Benchmarking Kotlin/Wasm Tail Calls on Real Projects

Summary

The Kotlin/Wasm tail call PR emits native Wasm return_call / return_call_ref at tail-position call sites. Microbenchmarks confirmed the expected speedup for deep recursion. However, applying the same compiler to four real Kotlin/Wasm workloads produced the opposite result on V8. Every workload either slowed down or stayed flat.

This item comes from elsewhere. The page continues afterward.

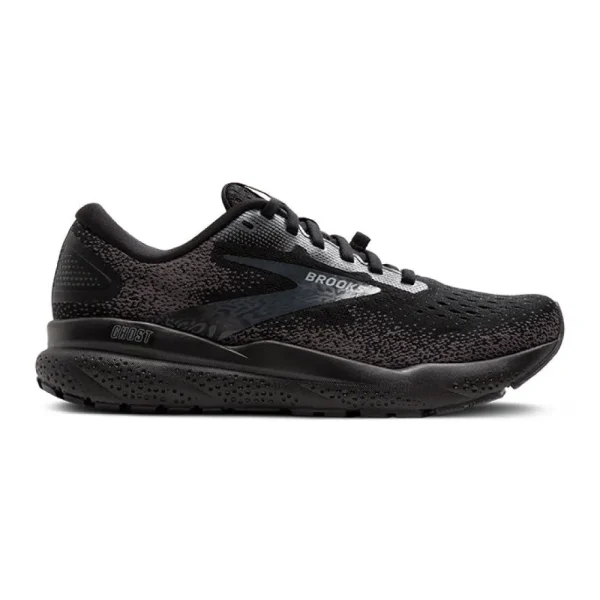 Running Shoes^Brooks Men's Ghost 16 GTX Black/Black/Ebony-020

The slowdown turned out to be a V8 bug, not an inherent cost of tail calls. V8’s JIT compiler inlines Well-Known Imports (WKI) such as wasm:js-string builtins when it sees a regular call, but skipped that optimization for return_call. Kotlin compiles string operations to thin wrappers around these builtins, and the tail call compiler rewrites the forwarding call inside each wrapper to return_call. The result was that every string operation fell off the fast path and went through the JS-Wasm bridge instead.

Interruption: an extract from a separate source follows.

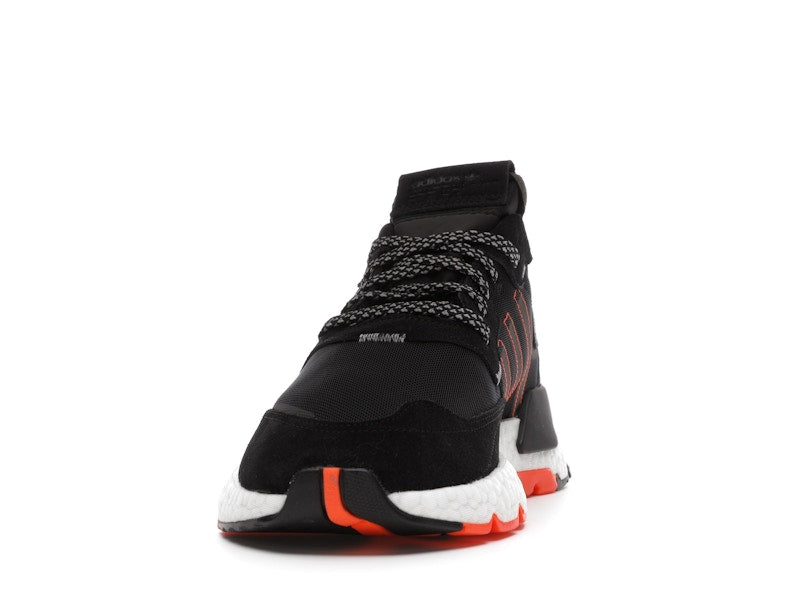 adidas Nite Jogger Core Black Solar Orange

I reported the bug and submitted a fix to V8. With the fix applied, the slowdown disappeared and all workloads returned to parity with the baseline. Parity, not improvement. None of the benchmarked workloads contain meaningful amounts of code in tail position. Compose UI trees are shallow, and the parser benchmarks wrap every recursive return in a constructor. To turn tail calls into a throughput win on real code, the compiler needs to create new tail-call-eligible sites that do not exist in the source. Continuation-passing style (CPS) transforms and tail modulo cons (TMC) rewrites, as explored in OCaml and other ML compilers, are the next step.

Four workloads, all slower or flat

I benchmarked four Kotlin/Wasm projects on V8 (D8 / Node.js), comparing the tail-call branch against master.

Compose Multiplatform

All 11 benchmarks ran on D8, 5 iterations each (warmup 50, 200 measured frames). Every one was slower with tail calls enabled.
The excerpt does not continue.